Data below:

--------------------------------------------------

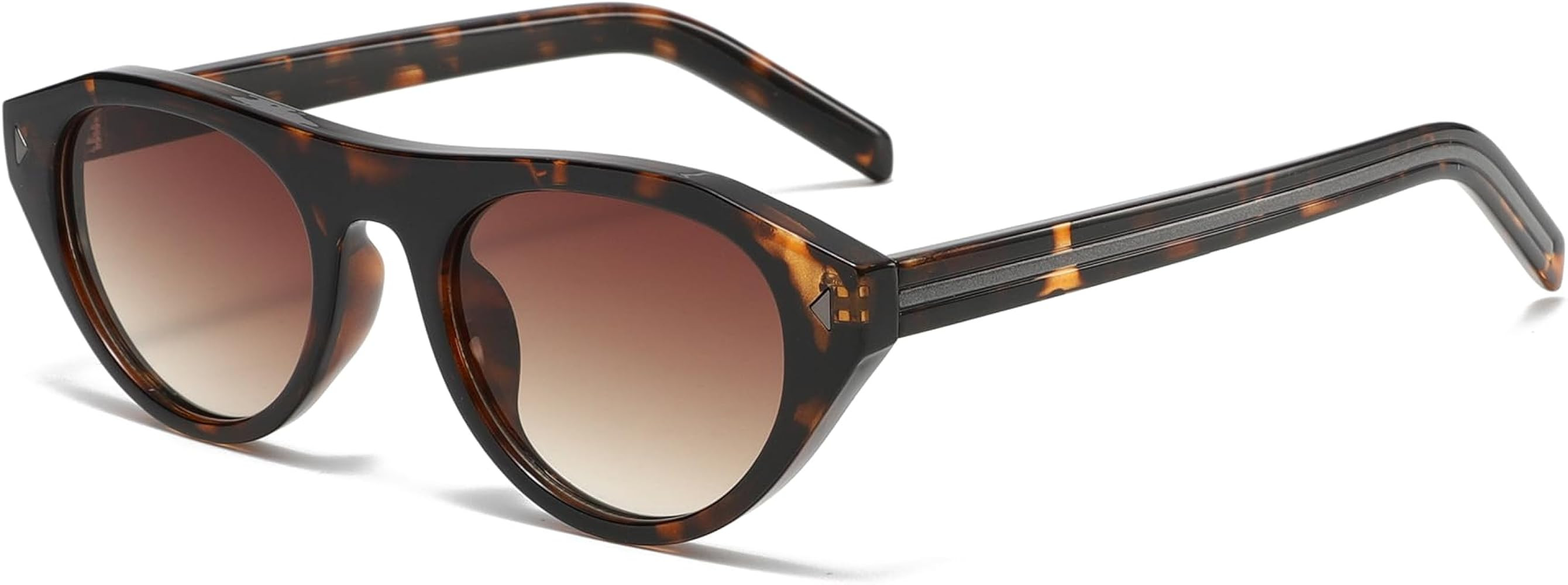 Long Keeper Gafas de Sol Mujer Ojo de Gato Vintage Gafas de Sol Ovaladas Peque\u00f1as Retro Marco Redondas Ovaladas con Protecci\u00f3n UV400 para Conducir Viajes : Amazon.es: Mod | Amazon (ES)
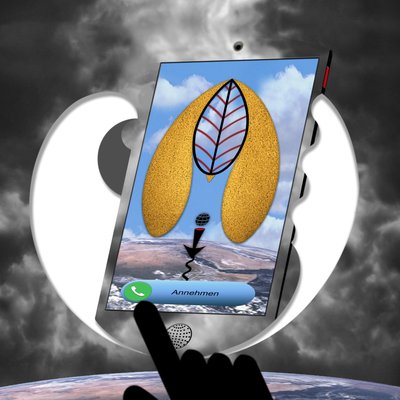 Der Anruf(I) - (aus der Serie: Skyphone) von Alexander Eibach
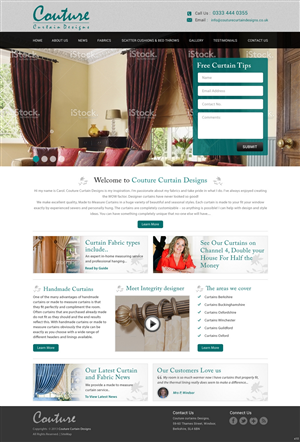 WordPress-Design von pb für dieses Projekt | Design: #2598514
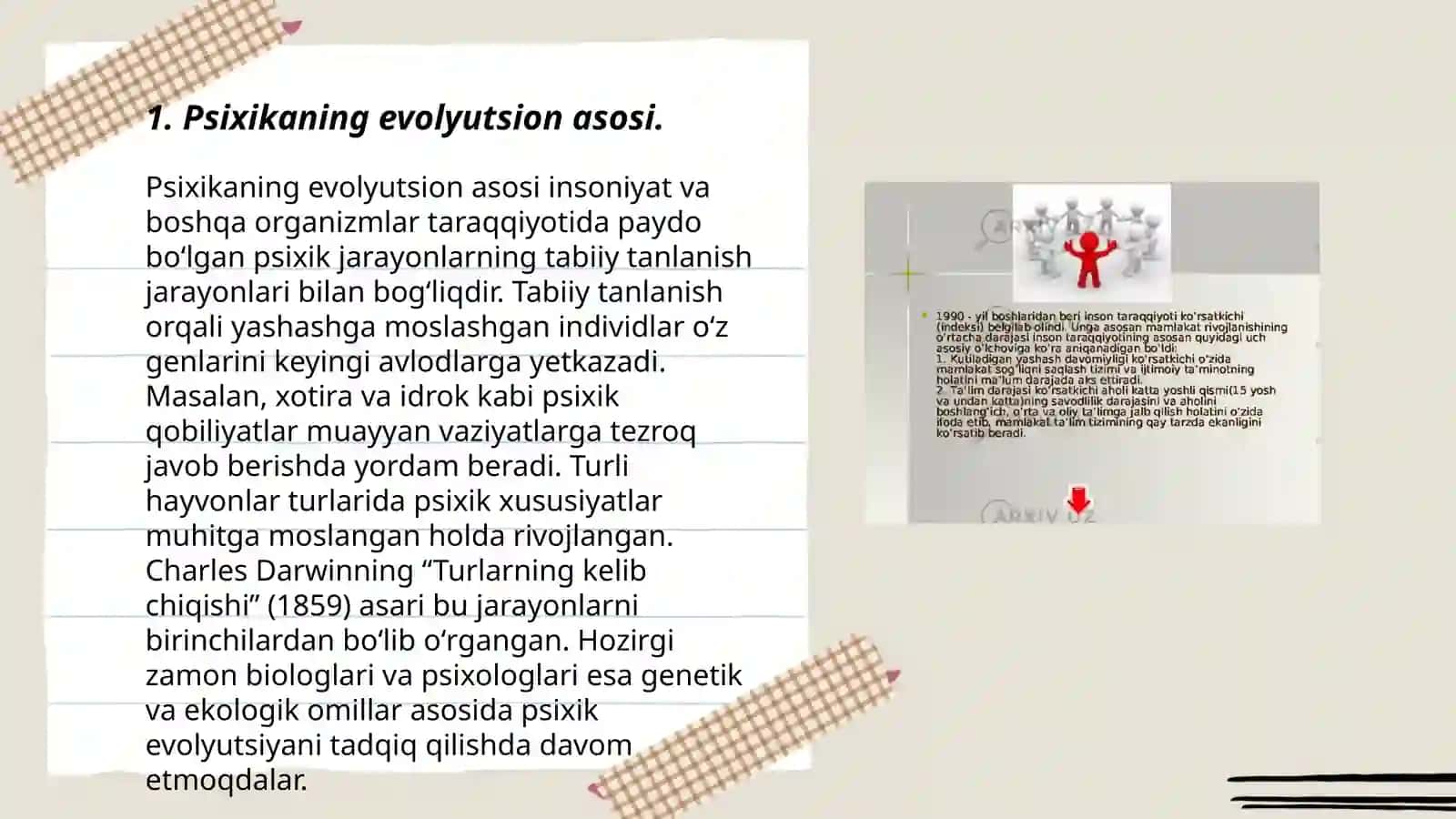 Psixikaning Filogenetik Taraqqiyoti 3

--------------------------------------------------

Problem to work on:
Would you set down every line of the data above exactly, skipping the pictures?

Final answer:
 Long Keeper Gafas de Sol Mujer Ojo de Gato Vintage Gafas de Sol Ovaladas Peque\u00f1as Retro Marco Redondas Ovaladas con Protecci\u00f3n UV400 para Conducir Viajes : Amazon.es: Mod | Amazon (ES)
 Der Anruf(I) - (aus der Serie: Skyphone) von Alexander Eibach
 WordPress-Design von pb für dieses Projekt | Design: #2598514
 Psixikaning Filogenetik Taraqqiyoti 3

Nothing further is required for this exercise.